Back on the bottom for the third hour and the fish were happy to bite at full depth providing I fed accordingly. Next followed a period of better fish, a couple of 5lbers an a 9lber that broke the landing net (out came the spare) but still the iffy bites continued. 3 hours gone and 90lb caught, then it went difficult.

I can't put my finger on it exactly, but whatever I tried I got a few fish, lost a few and then they'd dissappear on me. I played with the feeding, depth, hook size etc. but the next two hours were hard work. Small carp continued to show but at 5 hours the pace has slowed and the total stood at 110lb.

I decided to take a short food break and dropped in on the margin (I'd been feeding it for 30 mins). The float went, I made contact but the fish shed the hook. Back in and the bites continued, they were iffy like on the far line but I couldn't hit them. I finally made contact and was just about to swing the culprit in when it shed the hook, a tiny mirror about 4oz. Maybe this was starting to explain what was going on.

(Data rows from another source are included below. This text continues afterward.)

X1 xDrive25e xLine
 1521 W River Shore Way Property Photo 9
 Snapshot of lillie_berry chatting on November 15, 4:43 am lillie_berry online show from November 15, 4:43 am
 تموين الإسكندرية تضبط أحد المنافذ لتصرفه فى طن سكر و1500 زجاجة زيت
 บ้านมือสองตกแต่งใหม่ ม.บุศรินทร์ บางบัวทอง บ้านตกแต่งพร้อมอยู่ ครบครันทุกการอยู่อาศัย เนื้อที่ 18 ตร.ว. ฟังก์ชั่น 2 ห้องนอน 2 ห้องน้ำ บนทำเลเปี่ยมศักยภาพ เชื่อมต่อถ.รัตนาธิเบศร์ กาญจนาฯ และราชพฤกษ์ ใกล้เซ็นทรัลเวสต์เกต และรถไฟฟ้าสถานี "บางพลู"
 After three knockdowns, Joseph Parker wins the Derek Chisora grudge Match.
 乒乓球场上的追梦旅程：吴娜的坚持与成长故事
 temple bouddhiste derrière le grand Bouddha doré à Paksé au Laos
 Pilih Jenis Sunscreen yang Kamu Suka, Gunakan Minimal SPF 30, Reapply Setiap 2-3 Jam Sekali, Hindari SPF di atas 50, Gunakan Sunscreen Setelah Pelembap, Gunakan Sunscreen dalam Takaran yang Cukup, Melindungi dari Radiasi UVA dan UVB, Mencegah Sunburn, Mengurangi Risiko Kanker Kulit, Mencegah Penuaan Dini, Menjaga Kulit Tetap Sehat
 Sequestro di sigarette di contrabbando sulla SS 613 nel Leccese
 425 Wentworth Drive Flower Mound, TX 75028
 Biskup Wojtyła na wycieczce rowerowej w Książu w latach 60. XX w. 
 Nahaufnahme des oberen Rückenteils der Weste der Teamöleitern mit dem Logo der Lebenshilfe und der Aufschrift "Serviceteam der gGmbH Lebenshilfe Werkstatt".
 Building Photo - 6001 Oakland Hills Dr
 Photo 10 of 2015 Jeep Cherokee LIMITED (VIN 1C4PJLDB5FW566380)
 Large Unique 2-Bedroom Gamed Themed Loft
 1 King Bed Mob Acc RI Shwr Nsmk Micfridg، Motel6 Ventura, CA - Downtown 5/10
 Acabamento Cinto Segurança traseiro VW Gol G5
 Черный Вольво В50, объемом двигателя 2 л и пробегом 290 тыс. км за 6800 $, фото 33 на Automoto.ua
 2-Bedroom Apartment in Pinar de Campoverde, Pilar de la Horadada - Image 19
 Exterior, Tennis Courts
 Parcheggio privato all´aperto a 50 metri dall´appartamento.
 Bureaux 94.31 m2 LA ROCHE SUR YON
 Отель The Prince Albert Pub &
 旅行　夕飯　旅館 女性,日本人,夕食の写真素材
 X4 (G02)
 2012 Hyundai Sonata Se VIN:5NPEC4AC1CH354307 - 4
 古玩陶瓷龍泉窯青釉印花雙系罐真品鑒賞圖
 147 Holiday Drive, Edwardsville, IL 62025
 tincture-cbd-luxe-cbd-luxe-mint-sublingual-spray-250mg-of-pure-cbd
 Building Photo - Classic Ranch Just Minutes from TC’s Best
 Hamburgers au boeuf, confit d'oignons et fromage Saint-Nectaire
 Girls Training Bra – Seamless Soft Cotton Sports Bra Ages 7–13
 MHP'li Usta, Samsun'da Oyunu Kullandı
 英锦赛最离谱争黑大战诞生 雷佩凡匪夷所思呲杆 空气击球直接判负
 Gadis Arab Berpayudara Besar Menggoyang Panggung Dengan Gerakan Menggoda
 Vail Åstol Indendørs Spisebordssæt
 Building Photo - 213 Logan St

A change of tactics was called for. I changed the shallow rig down to a 14 hook, dug out some 6mm expanders and started feeding little and often at 12.5m. Compared to the previous 2 hours the change was dramatic – 3 put ins, 3 fish, about 8lb in total. Clearly the fish were pre-occupied with the smaller baits, dropping down to a smaller bait got confident takes on the drop, often the fish hooking themselves. The downside was the far side reeds – many fish made a dive for cover (and a few made it which meant pulling for a break) but overall the method was productive. The wind was still a problem, both for feeding and presentation, but it worked better than any other method at this time. (Revisiting full depth was not productive). The fish weren't huge, the odd fish to 4lb or so, but the average was 2-3lb but it kept things ticking over nicely.



3 good (but tiring) hours followed. I was going to finish at 3:15pm with a target of 175lb, but the wind dropped and the fishing improved so I pushed on to 3:45 with 203lb. Just in time for the heavens to open just enough to soak everything. Still, not a bad session, the switch to smaller bait had made a big difference, which was welcome, I now need to work on sorting out the bigger fish.